Had it been desired by the legislature to include stepchildren as eligible applicants, that category would have been expressly mentioned in s.91. History shows that when Parliament wishes to increase the categories of eligible claimant, or to enlarge an existing category, or to create a limited category, it does so by appropriate and express legislation.

Until 1962 it was clear that an ex-nuptial child was not a competent applicant under Part IV. The notion that, while an ex- nuptial child was not a ‘child’ for the purposes of Part IV, a child having no blood relationship with the deceased was a competent applicant, I find a strange one.[95]

[95]Popple at 656.

  1. The defendant in the case before me contended that if the wider meaning of ‘stepchild’ is intended by the legislature, in any event, the stepparent-stepchild relationship is extinguished upon the death of the plaintiff’s mother. 

  1. In Popple, the claimants’ parent had died some 13 years before the deceased died.  Brooking JA said:

The question has from time to time arisen whether the relationship of stepparent and stepchild survives the dissolution of the marriage between the natural parent and the stepparent; see, for example, R. v Cook; Ex parte C. (1985) 156 C.L.R. 249 at 263 per Deane J.; Basterfield v Gay (1994) 3 Tas. R. 293 and contrast Re Estate of Bordeaux 225 P. 2d 433 (1950). In the present case the marriage was dissolved by the death of the natural mother in 1982. The respondents contend that, notwithstanding that the marriage giving rise to the relationship came to an end long before the death of the testator, they are ‘children’ within the meaning of s. 91 simply by virtue of the fact that they are the children by a former marriage of the woman who married the testator. I am prepared to assume in their favour that the dissolution in 1982 of their mother's marriage to the testator puts them in no worse position than if their mother had not predeceased the testator, and in speaking of stepchildren hereafter, I shall ignore the distinction between cases where the testator's marriage still subsisted at his death and cases where it did not.[96]

[96]Ibid 654-5.

  1. It is clear that Brooking JA did not decide whether the natural parent dying before the testator ended the stepparent and stepchild relationship. 

  1. It is also clear from the decision in Popple that the Court made no binding decision as to the meaning of ‘stepchild’ as it appears in the current legislation, contrary to the submission of the defendant.  That is for two reasons, both in my view obvious.  First, the decision is concerned only with the question of whether child in the then Part IV legislation included a stepchild, and not what might have been meant by stepchild had it been included in the legislation.  Second, because the text of the legislation under consideration is utterly different from the current legislation in its treatment of the eligibility requirements.  In other respects, however, the Court in Popple did opine on the ordinary and natural meaning of stepchild, but that is not binding on me in the context of the interpretation of the current laws.

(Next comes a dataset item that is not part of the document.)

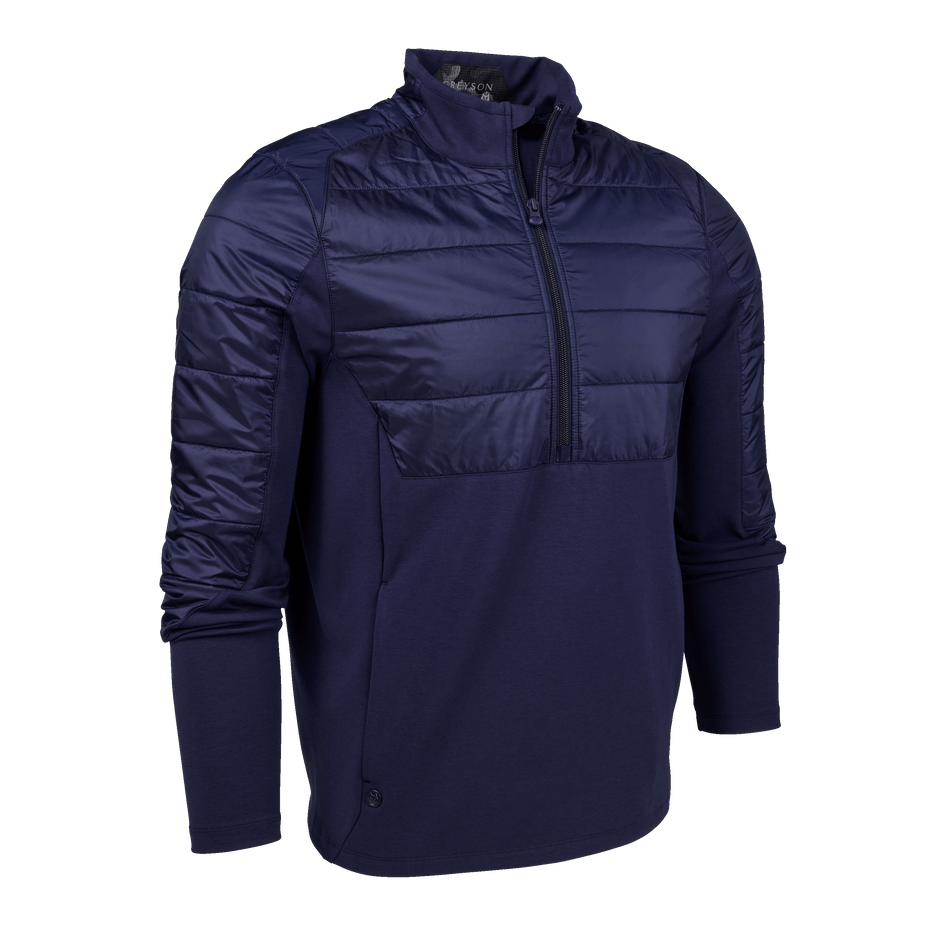 Greyson Clothiers Gratiot Hybrid Quarter-Zip Jacket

  1. In Re Burt,[97] the Full Court of the Supreme Court of Queensland held that the relationship of affinity between stepparent and stepchild, which comes into being with the marriage of the child’s natural parent[98] with the stepparent, depends for its continued existence upon the continuity of that marriage and that it ceases with the termination of that marriage whether by death or divorce.[99]  In so deciding, the Court overruled two earlier decisions to the contrary.  McPherson J referred to the definition section, which then defined stepchild as ‘in relation to any person, a child by a former marriage of that person’s husband or wife’ and not, as he pointed out, by reference to a child by a former marriage of that person’s former husband or former wife.[100]  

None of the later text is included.